> _Data provided_
== Segment start ==
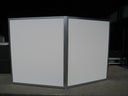 Octanorm Stellwand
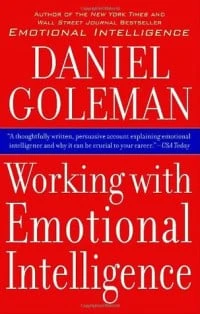 كتاب with Emotional Intelligence لDaniel Goleman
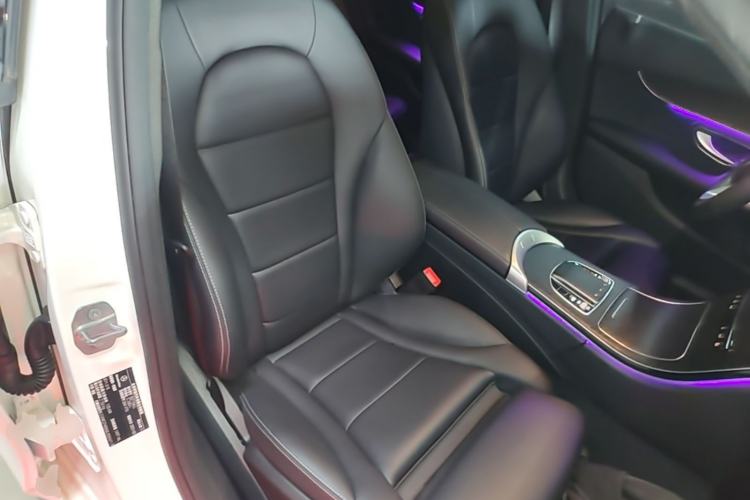 Used Mercedes-Benz C-Class 2021 C 260 L Sport Edition Right Front Seat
== Segment end ==
> _Action item_
Would you please write out exactly the lines between the line containing "كتاب with Emotional" and the last line of the listing above, inclusive, without pictures?

> _Problem solution_
 كتاب with Emotional Intelligence لDaniel Goleman
 Used Mercedes-Benz C-Class 2021 C 260 L Sport Edition Right Front Seat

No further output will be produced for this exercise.